A tweezer bottom is a two-candle reversal pattern where two consecutive candles print matching lows after a downtrend. The first candle drives hard into the low — usually bearish, with strong downside momentum. The second candle retests the same exact low, then closes higher. That rejection at one price tells you buyers stepped in twice and won the fight.
What Does a Tweezer Bottom Candlestick Pattern Indicate?
A tweezer bottom indicates selling pressure has stalled at a specific support level. The market took two swings at breaking lower. Both times, buyers absorbed the supply.
That double rejection forces short sellers to cover and brings dip buyers off the sidelines. The result? A defended floor traders can now lean against — at least until price proves them wrong.
Is the Tweezer Bottom Candlestick Pattern Bullish or Bearish?
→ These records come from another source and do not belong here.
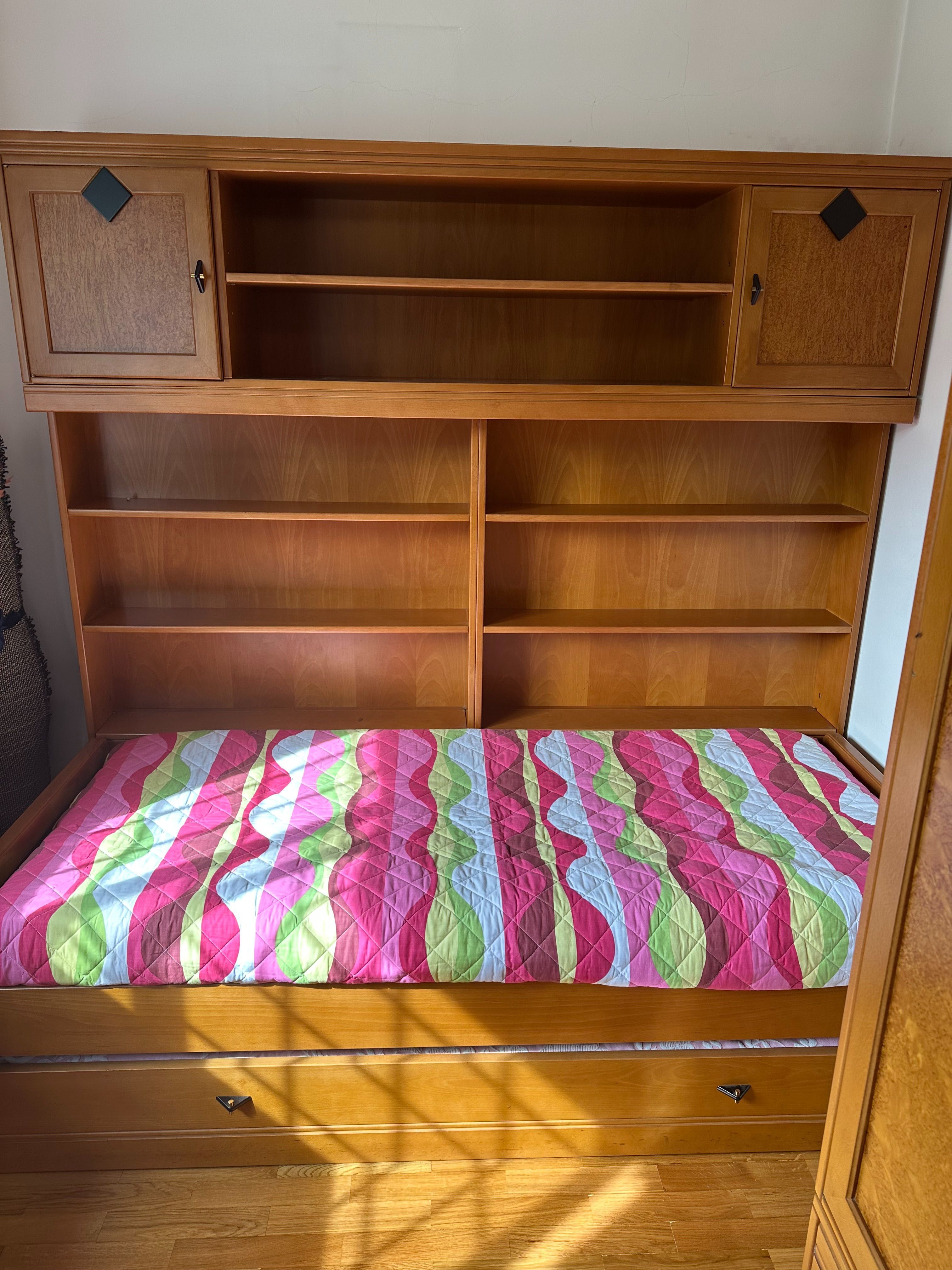 Estúdio madeira de excelente qualidade (cama, roupeiro,secretária)
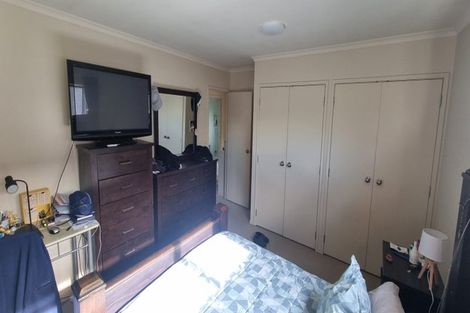 Photo of property in 47 Tiri Tiri Road, Birkdale, Auckland, 0626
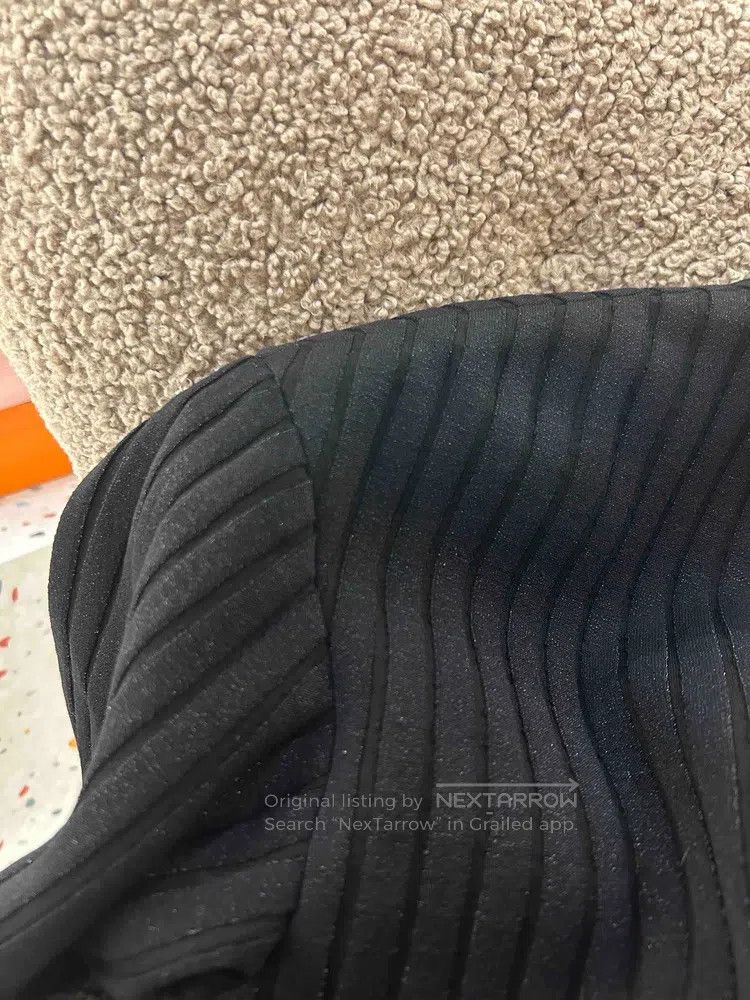 Chanel Chanel Black and white glitter striped round-neck jacket Size XXS / US 00 / IT 34 - 8 Thumbnail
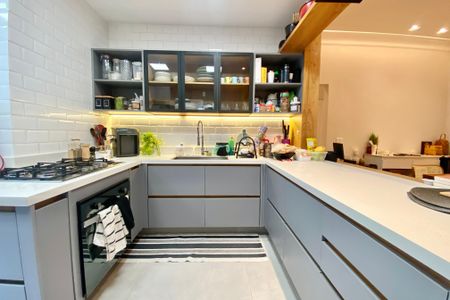 Apartamento para alugar com 110m², 3 quartos e sem vagaCozinha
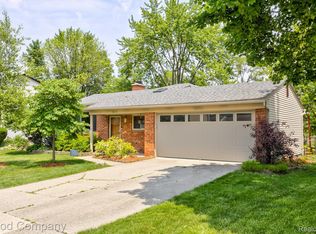 6672 Devonshire Dr, Canton, MI 48187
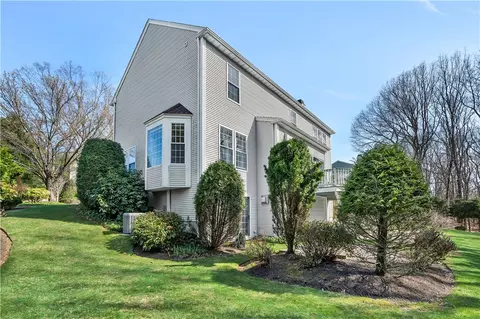 105 Castle Rocks Rd, Warwick, RI 02886 photo 40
Bullish. The tweezer bottom is a bullish reversal pattern. It forms after a down move and ends with buyers defending the same low on two separate tests. That shift — from seller control to buyer control at a defined price — is what makes it a reversal signal worth watching.
How to Identify a Tweezer Bottom Candlestick Pattern?
You spot a tweezer bottom when two candles share the same low after a downtrend, and the second candle closes stronger than the first. Here's the checklist:
- Prior trend: A clear decline or selloff into support. No downtrend, no reversal pattern.
- Matching lows: Two candles whose lows align — wick-to-wick or body-to-wick. Small tolerance is fine; the market doesn't print perfect.
- First candle: Usually bearish, with downside momentum driving into the low.
- Second candle: Retests the same low and closes higher. A bullish close strengthens the signal.
- Location: The cleanest setups show up at obvious swing lows or well-defined support zones. Random tweezers in chop are noise — ignore them.
How to Trade a Tweezer Bottom Candlestick Pattern?
Treat the equal low as your invalidation point. Use the next candle's strength as confirmation that buyers are stepping in. Here's the playbook:
- Entry: Go long when a confirmation candle closes above the second candle's high. Or wait for the breakout trigger above that high.
- Stop loss: Place it a few ticks (or pips) below the shared low. If price breaks the floor you're trading off, you're wrong — get out.
- Profit target: Aim for the next overhead resistance — prior swing high, breakdown level, moving average, or supply zone. Only take the trade if that target gives you clean reward against your stop.
- Failure trigger: A decisive close below the shared low kills the setup. When that happens, the pattern often flips into continuation lower.
What Happens After a Tweezer Bottom Candlestick Pattern?
Price usually attempts a reversal bounce — but follow-through is where setups separate themselves. Strong tweezers push into the next resistance zone, with buyers building higher highs and higher lows.
Weak ones stall out. You'll see price chop sideways, retest the shared low, or break down entirely. When the equal low fails, the downtrend resumes — and the pattern goes from setup to trap. Watch the second test closely. That's where the truth shows up.